#### PROVIDED RECORDS ####

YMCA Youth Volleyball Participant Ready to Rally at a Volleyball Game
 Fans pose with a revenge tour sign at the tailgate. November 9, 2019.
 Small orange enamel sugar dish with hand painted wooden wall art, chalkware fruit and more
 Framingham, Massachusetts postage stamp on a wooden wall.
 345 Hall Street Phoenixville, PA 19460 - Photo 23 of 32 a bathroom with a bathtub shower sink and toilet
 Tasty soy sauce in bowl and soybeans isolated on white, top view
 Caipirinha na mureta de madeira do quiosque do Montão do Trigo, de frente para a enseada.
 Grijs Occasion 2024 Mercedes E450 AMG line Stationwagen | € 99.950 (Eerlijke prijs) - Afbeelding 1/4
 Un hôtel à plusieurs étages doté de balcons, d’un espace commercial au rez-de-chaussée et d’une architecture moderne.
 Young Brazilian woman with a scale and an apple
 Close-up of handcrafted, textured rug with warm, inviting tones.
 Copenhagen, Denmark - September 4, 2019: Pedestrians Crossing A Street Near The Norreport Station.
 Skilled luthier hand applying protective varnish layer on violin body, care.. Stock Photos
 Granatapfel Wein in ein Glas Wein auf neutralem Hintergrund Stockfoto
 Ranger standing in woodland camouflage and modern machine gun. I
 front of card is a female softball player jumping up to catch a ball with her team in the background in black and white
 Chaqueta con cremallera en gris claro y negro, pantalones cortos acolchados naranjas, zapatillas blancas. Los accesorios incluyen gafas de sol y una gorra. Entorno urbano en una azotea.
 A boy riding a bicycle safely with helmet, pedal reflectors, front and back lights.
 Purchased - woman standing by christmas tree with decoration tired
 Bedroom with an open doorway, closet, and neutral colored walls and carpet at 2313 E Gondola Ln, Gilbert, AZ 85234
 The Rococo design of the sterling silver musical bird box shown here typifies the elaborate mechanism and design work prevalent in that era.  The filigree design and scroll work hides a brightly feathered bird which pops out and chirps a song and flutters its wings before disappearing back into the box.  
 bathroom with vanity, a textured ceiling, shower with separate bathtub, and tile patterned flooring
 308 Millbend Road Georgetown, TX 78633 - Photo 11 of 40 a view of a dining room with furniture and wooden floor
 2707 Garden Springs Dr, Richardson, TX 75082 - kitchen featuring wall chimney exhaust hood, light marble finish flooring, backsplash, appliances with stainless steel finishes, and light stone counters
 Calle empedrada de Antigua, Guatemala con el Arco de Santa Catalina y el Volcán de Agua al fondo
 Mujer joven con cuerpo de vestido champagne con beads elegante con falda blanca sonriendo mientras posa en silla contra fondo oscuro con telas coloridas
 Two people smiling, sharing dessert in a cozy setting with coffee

####

WHAT YOU ARE ASKED TO DO
Above are some records; copy exactly the lines from the one with "Copenhagen, Denmark - September" through the one with "A boy riding", both included, and no others.

RESPONSE TO THIS TASK
 Copenhagen, Denmark - September 4, 2019: Pedestrians Crossing A Street Near The Norreport Station.
 Skilled luthier hand applying protective varnish layer on violin body, care.. Stock Photos
 Granatapfel Wein in ein Glas Wein auf neutralem Hintergrund Stockfoto
 Ranger standing in woodland camouflage and modern machine gun. I
 front of card is a female softball player jumping up to catch a ball with her team in the background in black and white
 Chaqueta con cremallera en gris claro y negro, pantalones cortos acolchados naranjas, zapatillas blancas. Los accesorios incluyen gafas de sol y una gorra. Entorno urbano en una azotea.
 A boy riding a bicycle safely with helmet, pedal reflectors, front and back lights.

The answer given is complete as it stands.